_Prompt_:
Find the line with "Marineblauw overhemd met" in the records below. Copy it and every line after it, up to and including the line with "Holiday Home Balatonmariafurdo, Somogy".

_Records supplied_:
______________________________

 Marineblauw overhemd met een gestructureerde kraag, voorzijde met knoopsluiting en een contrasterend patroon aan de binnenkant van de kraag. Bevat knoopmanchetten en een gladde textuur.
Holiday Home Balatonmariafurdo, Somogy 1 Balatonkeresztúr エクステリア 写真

______________________________

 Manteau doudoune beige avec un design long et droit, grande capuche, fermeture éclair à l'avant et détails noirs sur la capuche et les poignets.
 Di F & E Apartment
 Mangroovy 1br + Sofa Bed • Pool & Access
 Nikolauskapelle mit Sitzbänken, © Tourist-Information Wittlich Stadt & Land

______________________________

_Finished task_:
 Marineblauw overhemd met een gestructureerde kraag, voorzijde met knoopsluiting en een contrasterend patroon aan de binnenkant van de kraag. Bevat knoopmanchetten en een gladde textuur.
Holiday Home Balatonmariafurdo, Somogy 1 Balatonkeresztúr エクステリア 写真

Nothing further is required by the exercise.